NEW JERSEY JEWISH NEWS

Passing the Torch: ‘I’ll have to reinvent myself’


Ellen Goldner isn’t sure what she’ll do with herself when her term as president of United Jewish Communities of MetroWest New Jersey comes to an end July 1.

“I’ll spend time with my grandchildren. But that won’t be enough for me. I’ll have to reinvent myself, decide what I’m going to be when I grow up,” said the Maplewood resident.

Goldner, trained as a nursery school teacher but schooled by experience in the roll-up-your-sleeves school of philanthropy, has been part of UJC for at least 20 years. She rose up through the ranks of voluntary leadership positions — Women’s Division Campaign Chair, Women’s Division President, UJA Campaign Chair — to become the organization’s first woman president. She credits the organization with her success. “I feel I owe this community. They took me in. They developed me. They challenged me. They made me do things I didn’t think I could do.”

In her three-year tenure, she presided over two record-breaking UJA campaigns, with 2004 coming in at $23.8 million and 2005 expected to break $24 million, according to Max Kleinman, executive vice president of UJC MetroWest.

When she began in 2002, Goldner set several goals for the organization. Among these were increasing outreach to the larger community, working on Israel’s hasbara, or public relations and education campaign, and increasing services to the elderly. All three rank as important accomplishments of UJC over the last three years, according to Kleinman.

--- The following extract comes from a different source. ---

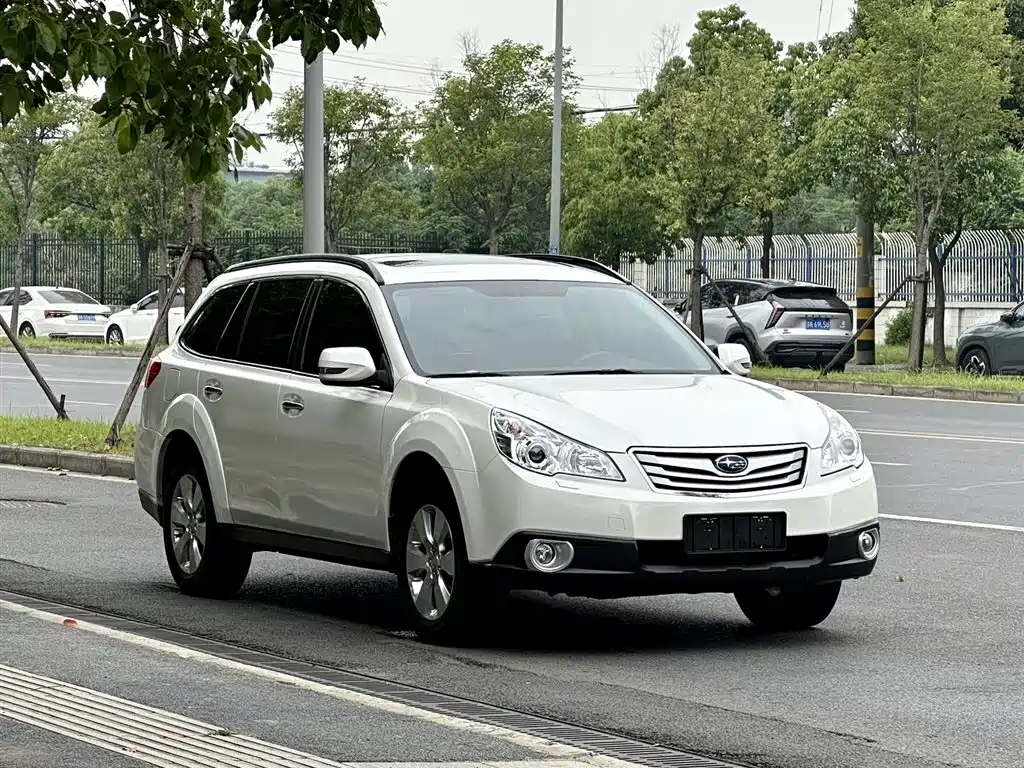 Outback 2.5 i Luxury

And her term ended on a few high notes: A record number of people attended several recent community-wide events. The MetroWest Committee to Address Resources for Eldercare (CARES), an effort to coordinate services for the elderly, was initiated. And UJC MetroWest secured $200,000 in federal grants to service a Naturally Occurring Retirement Community (NORC) in Parsippany.

In addition, when the Jewish Agency for Israel launched its North American Coalition for Israel Education, a pilot project designed to foster systemic change in Israel education, UJC MetroWest was among the 11 communities selected to participate.

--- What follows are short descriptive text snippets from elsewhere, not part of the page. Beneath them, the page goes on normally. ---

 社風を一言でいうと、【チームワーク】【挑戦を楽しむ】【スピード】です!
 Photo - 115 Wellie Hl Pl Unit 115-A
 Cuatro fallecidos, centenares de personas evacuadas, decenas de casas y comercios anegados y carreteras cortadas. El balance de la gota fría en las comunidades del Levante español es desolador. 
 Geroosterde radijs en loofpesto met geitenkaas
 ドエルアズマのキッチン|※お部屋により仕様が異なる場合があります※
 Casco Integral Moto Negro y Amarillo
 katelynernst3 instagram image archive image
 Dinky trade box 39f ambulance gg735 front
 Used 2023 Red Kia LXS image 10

And she garnered praise from Kleinman for her work with Gary Aidekman, now finishing his fourth term as chair of the UJC Unified Allocations Council, developing a blueprint to retire the debt on the charitable organization’s Whippany campus.

It has been a challenging three years as well. Just last month the UJC announced a plan to protect its rainy-day “stabilization” fund, meaning cuts in allocations to local social service agencies.

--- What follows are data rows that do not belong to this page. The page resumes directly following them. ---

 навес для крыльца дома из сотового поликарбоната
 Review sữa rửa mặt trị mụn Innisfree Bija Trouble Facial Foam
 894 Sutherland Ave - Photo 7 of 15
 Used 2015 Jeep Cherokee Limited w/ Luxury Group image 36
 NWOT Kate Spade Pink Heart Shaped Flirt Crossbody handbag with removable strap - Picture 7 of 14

The draw from the $9 million stabilization fund will drop from $2.25 million each year to $500,000. “We had to establish a plan for financial stability,” said Kleinman. Jeffrey Korbman, campaign director, added, “We are getting to the point where we are allocating only what we raise and not more.”

Goldner was characteristically blunt in describing those cuts in an earlier interview with the NJ Jewish News. “The process was very painful this year. Everyone had a hugely hard time with this,” she said. “What made it harder this year was that we decided not just to keep nibbling away at a lot of agencies. We had the guts to make cuts in programs that were not working. If we eliminate certain things that are not absolutely necessary to our mission, we won’t just be nibbling away and making everything ineffective.”

Goldner got involved in Federation, she said, because she’s “an old hippie.”

“We wanted to make the world better. It’s that simple.” And she added, she is in a position to do so. “I’m a very lucky person. I have everything. I have a family, financially I’m okay. I feel it’s my obligation and my pleasure to help other people in the community who need help. That’s why all of us are involved, really.”

Raised in Harrisburg, she said, there’s not a time she can remember that her family wasn’t involved in UJA. She spent time living on a kibbutz in 1969 after her freshman year at American University. And finally, when a friend invited her to attend a young women’s luncheon sponsored by UJA, she knew she had to join after hearing Holocaust survivor Gerda Klein speak.

Goldner met her husband, Alan, while they were both still in college. Today, he owns United Supply Corporation, which sells school supplies. They have two children, Josh and Rachel. Josh and his wife Mor, Israeli citizens, are living temporarily in London with their two children, Itai and Shelly. Rachel will be married next weekend.

As the first woman to serve as president of UJC MetroWest, Goldner is considered by many as nothing short of a pioneer. “She has, by her tenure, given women interested in leadership positions a role model to follow. It’s an opening that wasn’t there before she got there,” said Korbman.

And yet when asked how gender affected her tenure, Goldner said only, “I felt people respected the position I held.” But she acknowledged that at times the hardest part was her own internal comfort level. “I’m just now used to being in a room with all men. A lot of the time I was the only woman there. I tried not to dwell on that, but to stay focused on the job I had to do. I’m not easily intimidated.”

Goldner was quick to credit the people she worked with for making the experience valuable for her. “It’s been exciting, working with amazing staff and volunteers, traveling around the world meeting incredible people, both those who do work on the ground and those we help.”

Kleinman characterized her terms as “very successful. We had some difficult times because the economy took a downturn, but with her very engaging personality, she had a very successful tenure.”